Sunday, October 25, 2015

the bet that my dad doesnt regret.

I was losing faith in myself going thru my calculus classes. I was taking the same class over and over again which was suck. I felt like I was wasting my time and my dad’s money for paying for classes I was failing. However over those couple of years on taking calculus classes I was trying to get my dad into watching Doctor Who. He kept telling me no because he use to watch it as a kid and knew that if he started watching the new series he would have to catch up with all of it. Sometime in the fall of 2014 we were having a late night veg fest watching TV and talking and there were some Doctor Who eps that came on. I took this time to fill in some "before these eps" background story. We watched 4 eps in a row and had to stop watching them because the next few eps were out of order and broke the story arch. At this point we were still talking, and were talking about my fears of the Cal classes... So he made a bet "if you pass Cal 3, we'll watch all of new Doctor Who." Hands were shook. So I signed up for my Cal 3 class.

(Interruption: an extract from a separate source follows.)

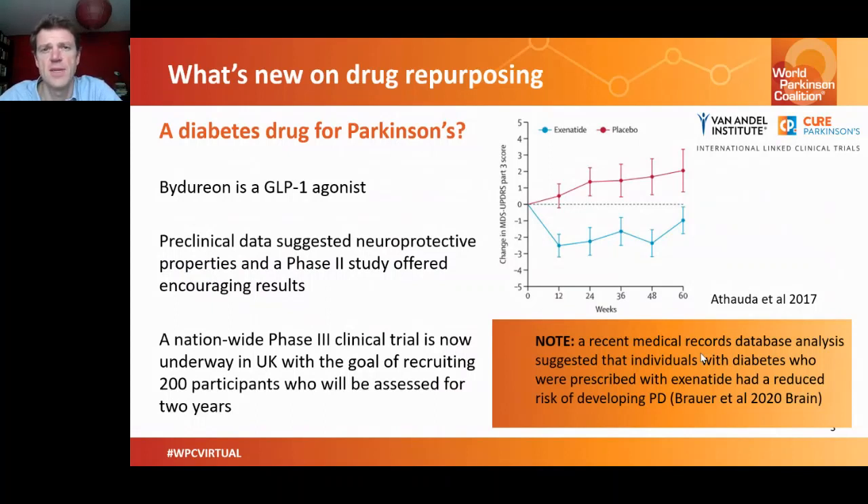A phase three study has now been set up and conducted in the UK, recruiting 200 individuals with Parkinson's who will be treated either with placebo or with Bydureon for two years and assessed over that period. Hopefully this will yield a new drug for the treatment of Parkinson's in the near future. This program was further supported by epidemiological data suggesting that people with diabetes treated with Exenatide have a reduced risk of developing Parkinson's long-term compared to those not treated with it.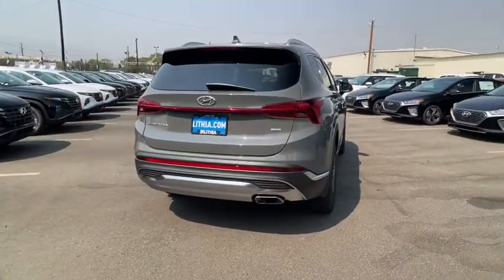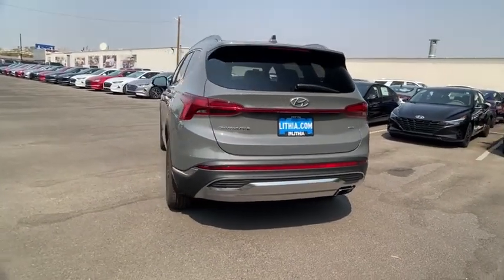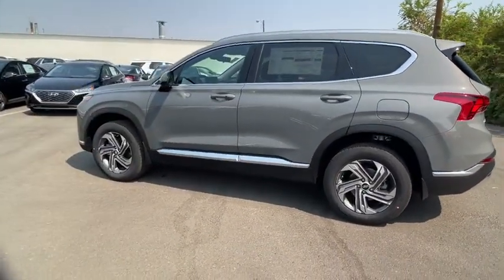Keyless entry, all-wheel drive, remote engine start, backup camera, driver lumbar, adjustable steering wheel, power steering, ABS four-wheel, cruise control, aluminum wheels.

Months later I started my Cal 3 class, which was an online class, and continued to fear because the class was so difficult... mostly because it was online and I was working a time consuming job. So it was self-taught in I had the time. But I had to make the time even if it was at 10p.

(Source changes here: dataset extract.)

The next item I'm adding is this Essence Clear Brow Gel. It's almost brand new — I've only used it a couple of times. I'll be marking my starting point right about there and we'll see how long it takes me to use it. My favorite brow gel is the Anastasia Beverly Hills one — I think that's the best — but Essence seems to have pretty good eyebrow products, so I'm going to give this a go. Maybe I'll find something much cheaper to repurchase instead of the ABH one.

Fast forward months later I passed all my tests, and I totally passed my final.
Then I got fired, and we started our Doctor Who marathon starting from the 2005 series. We finished the marathon of Doctor Who just in time to watch the start of the new season....However the new season started on Sept 20th, and Sept 19th my family went on a cruise for 10 days plus a few extra days in our departure city. When we got home we had 3 episodes to watch. The only thing that is lame about this is that we have to wait a week between each episode…. We can’t just binge watch them.

However next summer it sounds like we may be catching him up on the Walking Dead series.

Friday, October 23, 2015

February.

8 months. A person’s life can change drastically in 8 months. A person’s life can change over a single night. Fortunately I'm not that person. My journey thru life hasn't changed drastically, or overnight. It has changed though, and it has become increasingly more frustrating.
In February around the time of my last post I was probably stressing about my calculus 3 class, which I had every right to... I mean, come on, it was calculus 3.... 3!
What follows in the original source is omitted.